Last year, Air Force was 6-24. The year before that, 9-22. The year before that, 3-27. The year before that, 4-26.

It must be difficult to recruit young women who are willing to get down and give you 20 pushups as well as knock down the open jump shot.

But the Lady Rebels lost to this bunch, 81-69, at the academy. As you might imagine, they wanted to get out of there as fast as they could. But they couldn't, because it was like 1 degree outside, and the locks on the Lady Rebels' bus had frozen.

Some airmen first class, or at least a maintenance crew with a blowtorch, had to come before the Lady Rebels could hightail it out of the Springs.

So it had not been a good week for the Lady Rebels. And yet when I walked into coach Kathy Olivier's office Tuesday, she greeted me with the highest of fives, because she's a high-five kind of person - optimistic to a fault, and that's a good fault to have when you're 5-12.

Woody Hayes, for instance, was not optimistic to a fault when things were going badly. Neither was Bob Knight. Nor Al Pacino in "Scarface."

Last season, Kathy Olivier coached the Lady Rebels to 22 victories against 10 losses. It was the first time since 2003-04 the Lady Rebels had won 20 games, and after the team returned home from the Women's National Invitation Tournament, she received a contract extension.

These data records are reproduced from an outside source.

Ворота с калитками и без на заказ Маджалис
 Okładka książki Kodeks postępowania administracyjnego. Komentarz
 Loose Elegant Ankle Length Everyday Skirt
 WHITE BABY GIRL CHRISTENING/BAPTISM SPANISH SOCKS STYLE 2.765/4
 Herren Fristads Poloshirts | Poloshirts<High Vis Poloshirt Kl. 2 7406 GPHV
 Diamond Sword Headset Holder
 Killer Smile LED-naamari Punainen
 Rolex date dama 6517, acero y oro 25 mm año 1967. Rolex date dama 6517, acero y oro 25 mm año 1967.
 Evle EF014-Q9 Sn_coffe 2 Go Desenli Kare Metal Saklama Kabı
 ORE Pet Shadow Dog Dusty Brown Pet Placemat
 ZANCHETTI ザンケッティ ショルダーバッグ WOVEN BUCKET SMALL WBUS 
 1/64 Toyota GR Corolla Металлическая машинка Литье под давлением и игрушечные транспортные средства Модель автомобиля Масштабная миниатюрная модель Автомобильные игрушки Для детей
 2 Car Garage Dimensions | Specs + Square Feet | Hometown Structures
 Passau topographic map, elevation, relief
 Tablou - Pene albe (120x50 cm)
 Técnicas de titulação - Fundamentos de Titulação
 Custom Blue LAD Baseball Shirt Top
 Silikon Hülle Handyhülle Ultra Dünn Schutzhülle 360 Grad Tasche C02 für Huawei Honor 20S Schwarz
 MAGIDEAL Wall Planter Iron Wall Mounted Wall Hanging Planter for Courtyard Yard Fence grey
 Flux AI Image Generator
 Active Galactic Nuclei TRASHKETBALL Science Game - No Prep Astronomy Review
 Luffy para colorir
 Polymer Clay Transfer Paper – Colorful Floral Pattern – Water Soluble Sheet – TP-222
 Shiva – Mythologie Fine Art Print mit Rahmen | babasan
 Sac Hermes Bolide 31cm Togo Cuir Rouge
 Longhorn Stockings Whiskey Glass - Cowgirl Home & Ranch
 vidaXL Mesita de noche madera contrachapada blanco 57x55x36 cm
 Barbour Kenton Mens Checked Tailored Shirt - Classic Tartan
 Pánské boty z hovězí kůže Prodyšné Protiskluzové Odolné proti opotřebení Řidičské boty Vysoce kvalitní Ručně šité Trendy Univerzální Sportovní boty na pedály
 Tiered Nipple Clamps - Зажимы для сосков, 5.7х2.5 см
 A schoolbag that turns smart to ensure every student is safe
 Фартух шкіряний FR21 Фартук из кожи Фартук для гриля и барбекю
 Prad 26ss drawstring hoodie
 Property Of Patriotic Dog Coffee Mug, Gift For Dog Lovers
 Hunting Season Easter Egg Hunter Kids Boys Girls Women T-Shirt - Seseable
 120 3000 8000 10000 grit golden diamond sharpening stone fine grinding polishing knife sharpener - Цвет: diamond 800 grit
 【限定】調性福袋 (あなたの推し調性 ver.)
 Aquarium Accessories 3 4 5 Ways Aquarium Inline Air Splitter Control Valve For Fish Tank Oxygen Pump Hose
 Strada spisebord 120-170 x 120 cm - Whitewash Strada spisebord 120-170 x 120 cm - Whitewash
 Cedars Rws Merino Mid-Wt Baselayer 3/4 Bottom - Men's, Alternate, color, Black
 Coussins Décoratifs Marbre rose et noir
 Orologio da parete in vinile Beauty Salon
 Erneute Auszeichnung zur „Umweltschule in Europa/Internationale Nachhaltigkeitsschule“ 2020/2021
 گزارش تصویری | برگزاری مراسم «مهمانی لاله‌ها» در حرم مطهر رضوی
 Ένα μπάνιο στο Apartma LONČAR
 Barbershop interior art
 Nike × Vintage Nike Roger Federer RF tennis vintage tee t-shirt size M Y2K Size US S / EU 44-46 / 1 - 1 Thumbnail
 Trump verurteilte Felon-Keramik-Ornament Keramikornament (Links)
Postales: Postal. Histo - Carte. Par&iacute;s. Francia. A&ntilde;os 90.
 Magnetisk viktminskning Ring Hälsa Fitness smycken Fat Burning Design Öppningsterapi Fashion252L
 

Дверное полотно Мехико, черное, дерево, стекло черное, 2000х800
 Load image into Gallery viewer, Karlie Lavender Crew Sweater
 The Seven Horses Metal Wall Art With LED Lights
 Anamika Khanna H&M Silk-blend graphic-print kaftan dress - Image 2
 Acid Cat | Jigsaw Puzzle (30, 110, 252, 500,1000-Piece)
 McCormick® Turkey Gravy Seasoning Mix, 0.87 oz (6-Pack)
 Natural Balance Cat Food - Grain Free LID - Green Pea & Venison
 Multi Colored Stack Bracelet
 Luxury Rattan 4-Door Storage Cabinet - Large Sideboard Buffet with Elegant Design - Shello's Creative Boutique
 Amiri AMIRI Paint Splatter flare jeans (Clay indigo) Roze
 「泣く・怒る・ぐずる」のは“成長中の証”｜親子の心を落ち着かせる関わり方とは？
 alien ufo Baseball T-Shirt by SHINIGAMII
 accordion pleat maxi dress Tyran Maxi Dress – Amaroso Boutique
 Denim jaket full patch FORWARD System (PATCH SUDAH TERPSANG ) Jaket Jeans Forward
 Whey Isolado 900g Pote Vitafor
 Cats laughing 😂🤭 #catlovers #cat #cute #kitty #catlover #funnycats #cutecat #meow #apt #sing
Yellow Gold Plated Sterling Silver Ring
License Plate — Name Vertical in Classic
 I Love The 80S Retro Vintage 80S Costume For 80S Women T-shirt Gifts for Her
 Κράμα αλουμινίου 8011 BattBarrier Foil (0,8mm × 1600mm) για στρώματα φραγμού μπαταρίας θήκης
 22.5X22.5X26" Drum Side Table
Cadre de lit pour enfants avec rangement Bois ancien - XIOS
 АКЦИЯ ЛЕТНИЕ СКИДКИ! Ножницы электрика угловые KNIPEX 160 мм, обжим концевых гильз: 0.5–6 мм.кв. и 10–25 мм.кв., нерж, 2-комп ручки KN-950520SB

A corner had been turned, or so it seemed. And Olivier insists a corner has been turned.

But who knew Air Force would be standing on the next corner?

Kathy Olivier, that's who.

Well, maybe she didn't foresee that it would be Air Force standing on the next corner. But she thought some of these other teams the Lady Rebels have been losing to would be standing there, with muscles flexed, protecting turf, because a lot of these teams have senior leadership, which is what UNLV had last season.

Last season, four seniors were in the rotation; this year, there is one. Having seniors is important in women's basketball because almost everybody has them, because young women usually don't jump to the WNBA, and they usually don't get into fistfights in bars like young men who can shoot and rebound sometimes do. And so they usually don't get kicked off the team.

But because recruiting sometimes is difficult when you're not winning 22 games, the Lady Rebels were young from the start. And then they lost their skilled junior point guard, Mia Bell of Durango High School, before the season started to a knee injury. And if you don't think it's difficult to succeed without a skilled point guard, then you haven't been paying attention to what the UNLV men have been doing. The Rebels almost lost to Air Force, too.

"I felt like we would take a few steps backward, but only because we are young," said Olivier, 65-78 in her fifth year at UNLV.

When she said this, she had me lean across the table and lowered her voice, as if she didn't want anybody else to hear, because there might be graduate assistants or injured point guards in the next office.

I was the one who pointed out that whereas last year, when the Mountain West was ranked 23rd in the Ratings Percentage Index, which is awful, this year it is 16th, which is better.

Olivier raised her eyebrow, as if she wasn't aware of this. As if maybe she would throw that in there, along with the youth and the injury to her point guard and the frozen locks on the bus at Air Force the next time somebody asked what was wrong with the Lady Rebels, after they had appeared to turn the corner.

"Nah," she said, her voice returning to normal modulation. "Nobody wants to hear that."

As I was leaving, the optimistic Kathy Olivier said she liked my red suede retro Pumas.

She optimistically slapped my palm again and, she said, with the greatest of optimism, that she thought her team might play better Wednesday night against San Diego State at Cox Pavilion.

For a little while, the Lady Rebels did. But the team that played four seniors beat the team that played one, 74-60, and that's the way it is in women's hoops sometimes.